# Problem:
With the pictures removed, please write out every line below exactly as given.

══ Source data ══

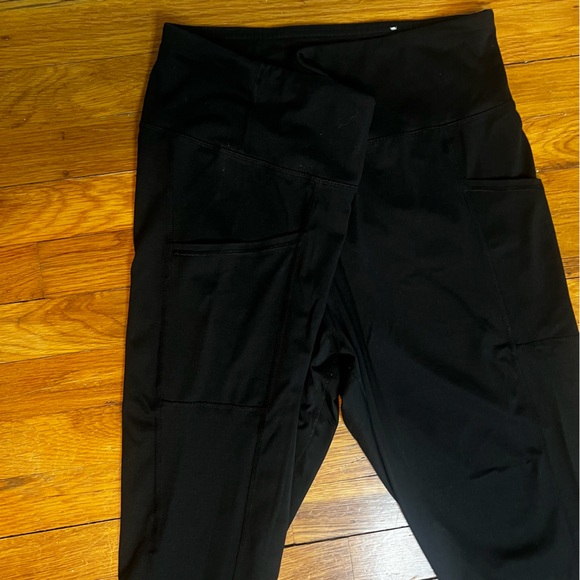 Maurice’s Black XXL Short Leggings - Picture 3 of 4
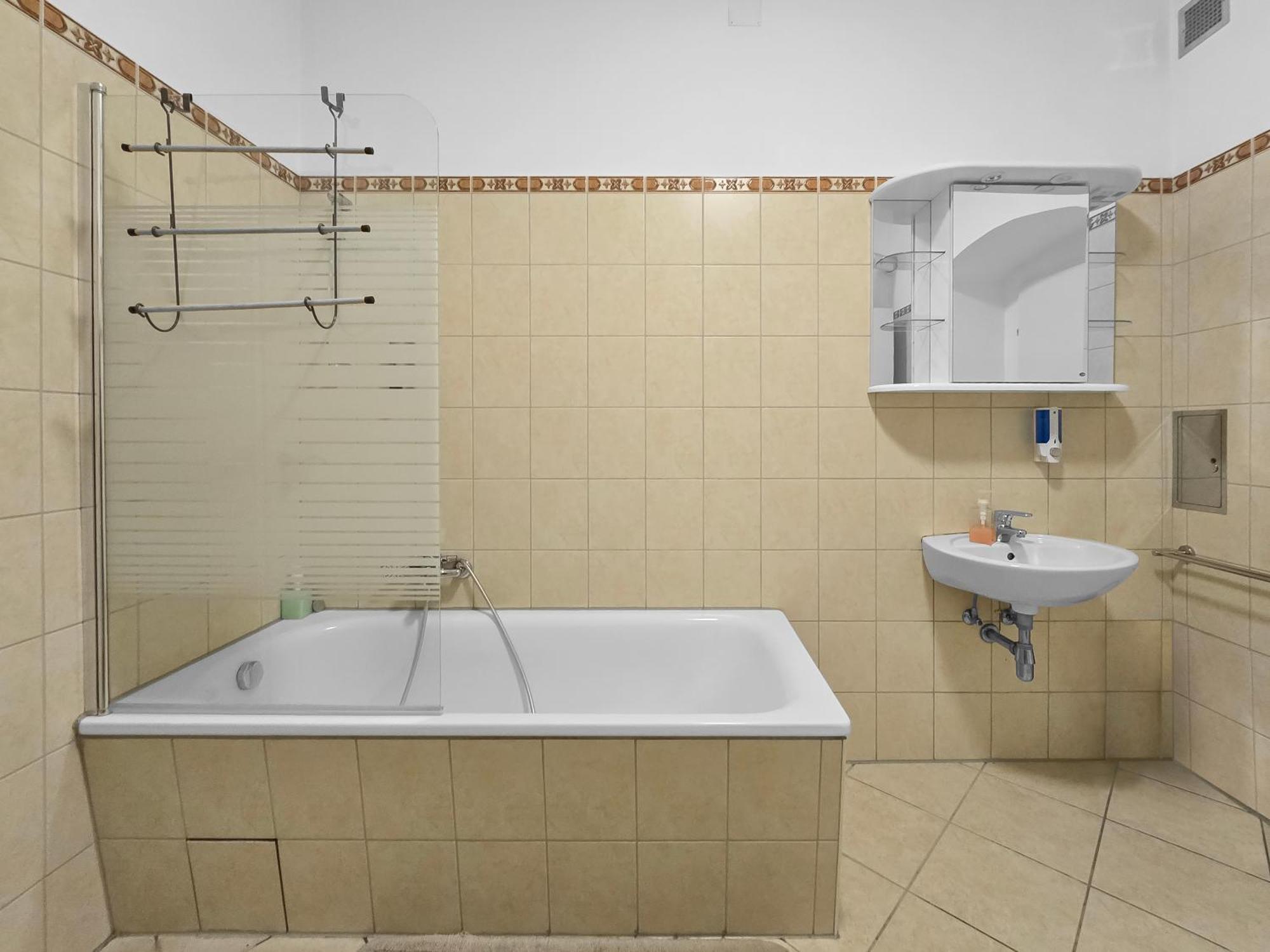 Three King-Size Beds, Three Bedrooms Вена Экстерьер фото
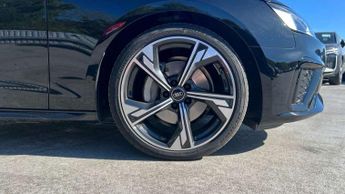 Audi A4 Avant 40 TFSI 204 Black Edition 5dr S Tronic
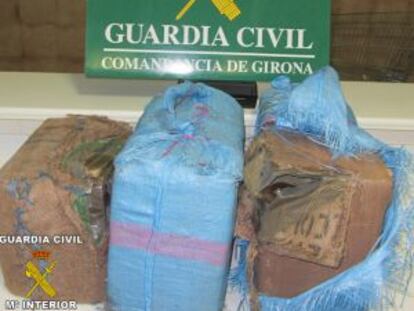 Una huida en coche que acaba con 120 kilos de hachís y sin detenidos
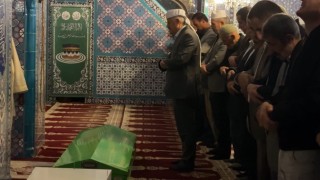 Yüksekovada bıçaklı saldırıda hayatını kaybeden genç toprağa verildi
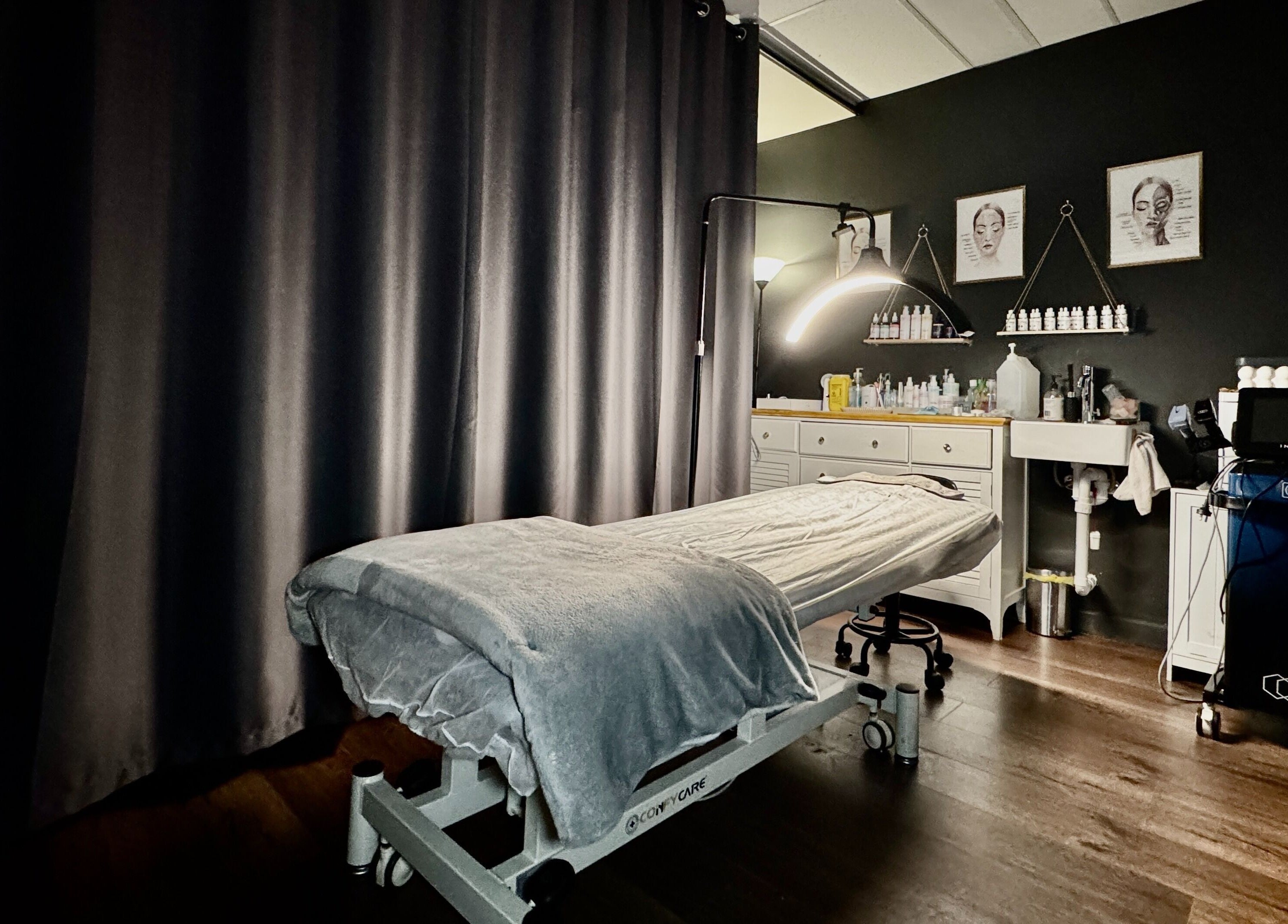 Relaxing therapy room at Mandala Holistic Wellness and Mandala Aesthetics, Melbourne, Victoria, AU.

═══

# Response below:
 Maurice’s Black XXL Short Leggings - Picture 3 of 4
 Three King-Size Beds, Three Bedrooms Вена Экстерьер фото
 Audi A4 Avant 40 TFSI 204 Black Edition 5dr S Tronic
 Una huida en coche que acaba con 120 kilos de hachís y sin detenidos
 Yüksekovada bıçaklı saldırıda hayatını kaybeden genç toprağa verildi
 Relaxing therapy room at Mandala Holistic Wellness and Mandala Aesthetics, Melbourne, Victoria, AU.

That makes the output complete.